Re: problems running GPU-accelerated namd

From: Renfro, Michael (Renfro_at_tntech.edu)
Date: Sun Dec 09 2018 - 10:07:21 CST

Are you running through a cluster scheduler, or directly logging into the GPU server? Even if your server has multiple GPUs in it, a scheduler may map your reserved GPUs to be devices 0, 1, 2, … regardless of their physical ID in the server.

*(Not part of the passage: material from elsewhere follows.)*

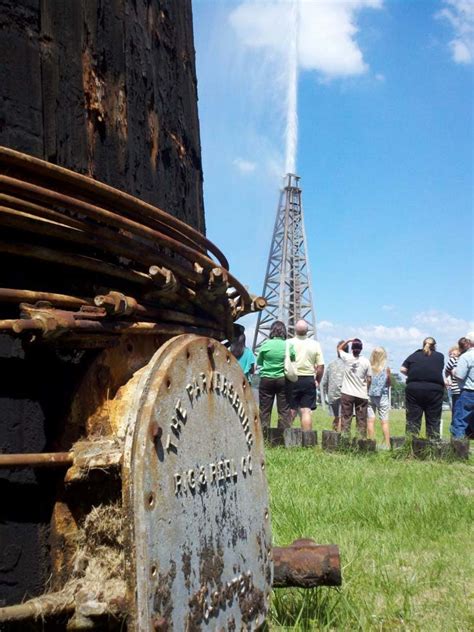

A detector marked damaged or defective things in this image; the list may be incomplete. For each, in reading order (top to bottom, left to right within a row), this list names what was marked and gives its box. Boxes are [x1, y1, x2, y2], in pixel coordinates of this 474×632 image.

rusty oil derrick [0, 146, 262, 346]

You can specify whatever number of CPUs you want, but past a certain number, there will be little to no benefit to adding more once the GPU performance is the bottleneck. For a 3M atom benchmark model I’ve run on our particular cluster, that number was 4 E5-2680v4 CPUs per K80 GPU.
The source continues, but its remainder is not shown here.